Start of PROVIDED MATERIAL
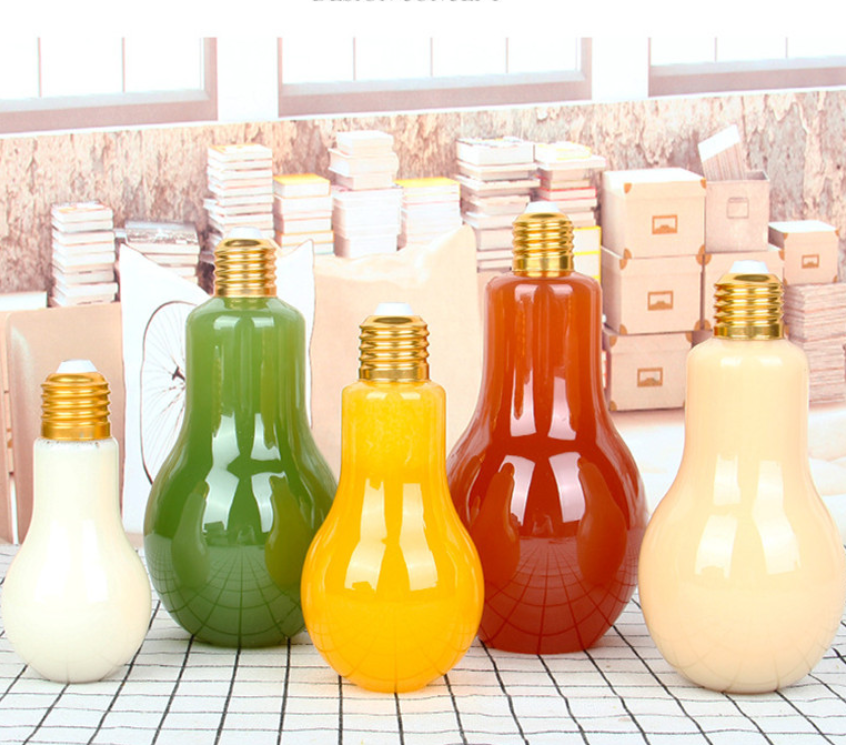 Wholesale Customized 360ml Clear Unique Machine Pressed Reusable Juice Water Beverage Light Bulb Drinking Glass With Straw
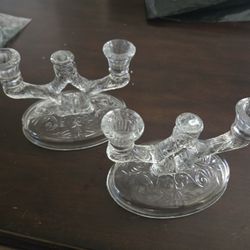 Vintage McGee Rock Crystal Candle Holders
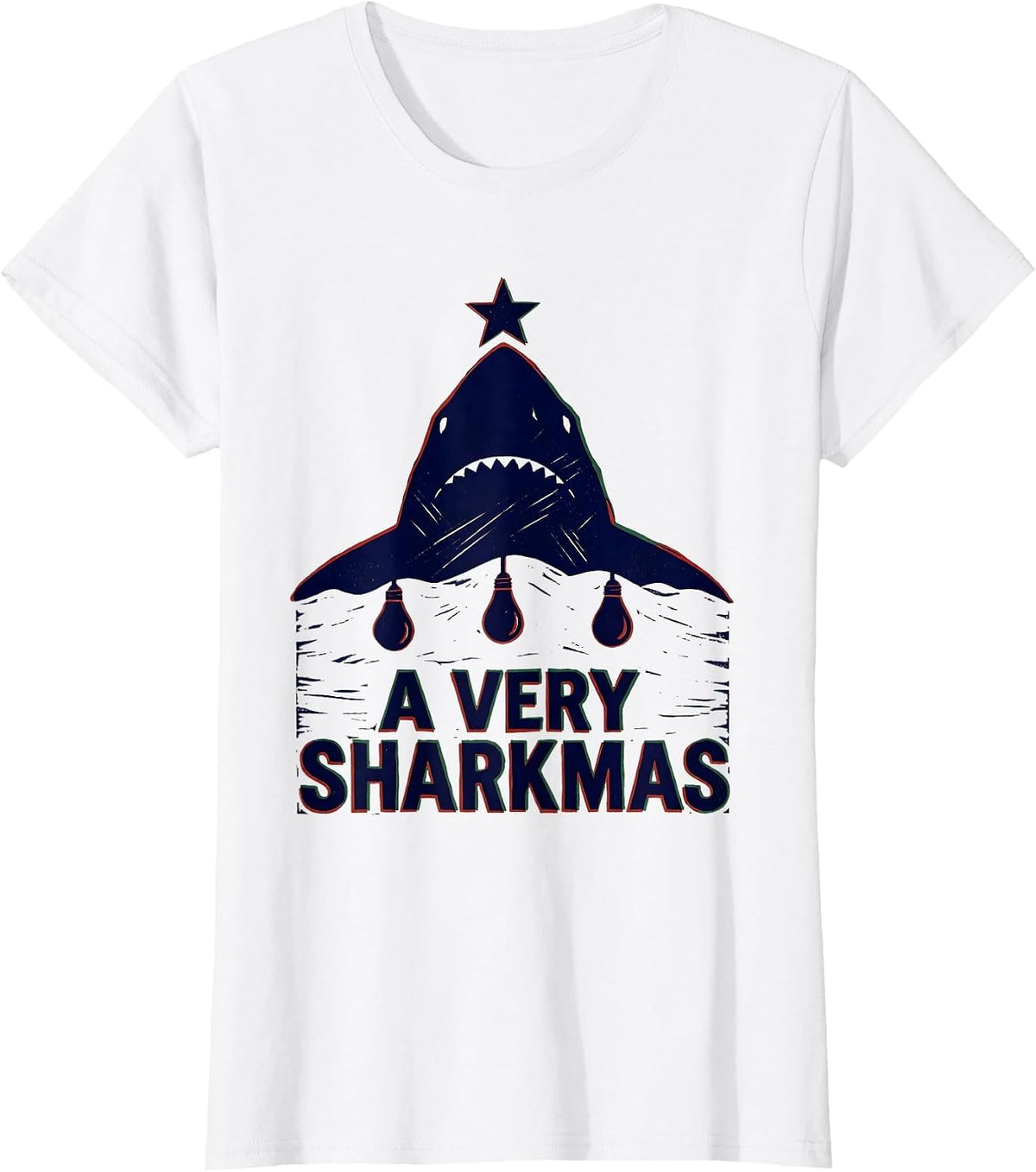 Women's A Very Sharkmas Linocut Shark Lover Christmas Pun Humor T-Shirt - White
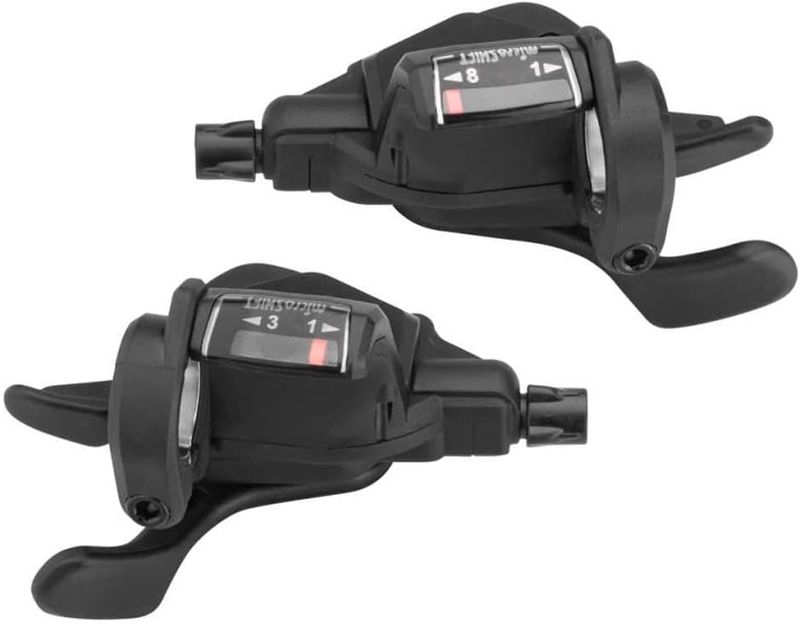 microSHIFT Mezzo Thumb-Tap Shifter Set, 8-Speed, Triple, Optical Gear Indicator, Shimano Compatible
End of PROVIDED MATERIAL
PROMPT:
From the line containing "Vintage McGee Rock Crystal Candle Holders" down to the end of the data above, reproduce each line exactly; no pictures.

ANSWER FOR THIS EXERCISE:
 Vintage McGee Rock Crystal Candle Holders
 Women's A Very Sharkmas Linocut Shark Lover Christmas Pun Humor T-Shirt - White
 microSHIFT Mezzo Thumb-Tap Shifter Set, 8-Speed, Triple, Optical Gear Indicator, Shimano Compatible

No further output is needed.